Warszawa

Na czym polega przemoc w szkole - co ujawniły badania naukowe

Na czym polega przemoc w szkole - co ujawniły badania naukowe

 

dr Krzysztof Szwarc


W ostatnich latach coraz częściej mówi się o występowaniu przemocy w szkole, często utożsamianej z agresją. Fizyczne i psychiczne znęcanie się nad rówieśnikami jest, niestety, stałym elementem funkcjonowania dzieci w szkołach. Mówi się o postępującej fali przemocy w szkole — bullyingu. Naukowcy m.in. z Uniwersytetu Ekonomicznego w Poznaniu przepytali około 3000 polskich dzieci w wieku szkolnym na tematy związane z jakością życia. Wśród szeregu pytań znalazły się również te o szkolne doświadczanie przemocy w okresie dwóch tygodni poprzedzających badanie.


Biją w szkole

 

Co szóste dziecko w wieku 8 lat, co siódme w wieku 10 lat oraz co ósmy 12-latek były bite częściej niż trzy razy w ciągu dwóch tygodni. Wyniki są jeszcze bardziej dramatyczne, jeśli rozszerzymy częstotliwość stosowania tego typu przemocy. Niemal 30 proc. 8-latków, 26 proc. 10-latków i 21 proc. 12-latków było bitych co najmniej dwa razy w okresie 14 dni. Pocieszający może być fakt, że wraz z wiekiem przemoc fizyczna jest stosowana rzadziej. 54 proc. dzieci w wieku 8 lat nie było bitych w okresie objętym badaniem. W przypadku dzieci 10-cio letnich odsetek ten stanowił 58 proc., a 12-letnich – 65 proc.. Częściej w bójki wdają się chłopcy, szczególnie 8-io i 10-cio letni. Co piąty z nich był bity częściej niż trzy razy, natomiast wśród 12-latków doświadczał takiej formy przemocy co szósty chłopiec. Wśród dziewczynek ze wspomnianą wyżej częstotliwością bita była co dziesiąta 8-latka i co trzynasta 10-cio i 12-latka, a 73 proc. najstarszych dziewcząt nie było uderzonych ani razu.

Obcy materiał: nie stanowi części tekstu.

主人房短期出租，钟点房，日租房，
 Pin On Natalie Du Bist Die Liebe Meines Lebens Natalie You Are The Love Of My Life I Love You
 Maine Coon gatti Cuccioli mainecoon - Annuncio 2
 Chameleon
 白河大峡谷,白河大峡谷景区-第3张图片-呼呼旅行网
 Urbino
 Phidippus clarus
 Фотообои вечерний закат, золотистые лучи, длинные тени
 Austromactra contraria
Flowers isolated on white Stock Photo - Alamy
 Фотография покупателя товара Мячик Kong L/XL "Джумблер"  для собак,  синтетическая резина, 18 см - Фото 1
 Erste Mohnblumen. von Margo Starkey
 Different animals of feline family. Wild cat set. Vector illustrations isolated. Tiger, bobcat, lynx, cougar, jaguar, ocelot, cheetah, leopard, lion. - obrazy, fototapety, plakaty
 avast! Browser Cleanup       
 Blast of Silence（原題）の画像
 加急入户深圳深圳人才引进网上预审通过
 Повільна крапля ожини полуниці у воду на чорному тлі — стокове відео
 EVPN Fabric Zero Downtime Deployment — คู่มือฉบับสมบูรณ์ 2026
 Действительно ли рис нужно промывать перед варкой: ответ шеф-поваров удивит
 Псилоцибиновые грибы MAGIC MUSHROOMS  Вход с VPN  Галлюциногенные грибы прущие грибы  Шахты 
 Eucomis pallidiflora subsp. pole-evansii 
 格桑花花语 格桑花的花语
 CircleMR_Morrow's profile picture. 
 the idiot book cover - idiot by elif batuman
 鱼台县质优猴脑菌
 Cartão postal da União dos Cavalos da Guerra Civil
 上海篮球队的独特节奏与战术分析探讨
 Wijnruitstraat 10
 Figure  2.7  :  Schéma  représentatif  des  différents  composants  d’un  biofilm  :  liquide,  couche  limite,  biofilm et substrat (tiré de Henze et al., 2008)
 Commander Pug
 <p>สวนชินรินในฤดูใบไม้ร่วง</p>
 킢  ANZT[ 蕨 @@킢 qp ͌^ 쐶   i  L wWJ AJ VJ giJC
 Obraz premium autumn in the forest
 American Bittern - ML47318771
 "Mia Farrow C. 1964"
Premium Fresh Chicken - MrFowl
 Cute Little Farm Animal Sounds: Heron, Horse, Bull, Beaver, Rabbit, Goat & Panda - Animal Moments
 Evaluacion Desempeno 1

Przemoc psychiczna i obrażanie

 

W badaniu poruszono także kwestie przemocy psychicznej w formie przezywania, a także pomijania dzieci. Ta pierwsza forma zdarzała się częściej niż bicie. W każdej kategorii wiekowej, bez podziału na płeć, odnotowano więcej niż połowę dzieci, które były przezywane co najmniej raz w okresie dwóch tygodni bezpośrednio przed badaniem. Wśród 10-cio i 12-latków nawet co piąty uczeń usłyszał pod swoim adresem niemiłe słowa częściej niż trzy razy w ciągu 14 dni. Praktyka taka była powszechniejsza wśród dzieci starszych. W tej grupie aż 57 proc. dzieci doświadczyło przezywania przynajmniej jeden raz w badanym okresie.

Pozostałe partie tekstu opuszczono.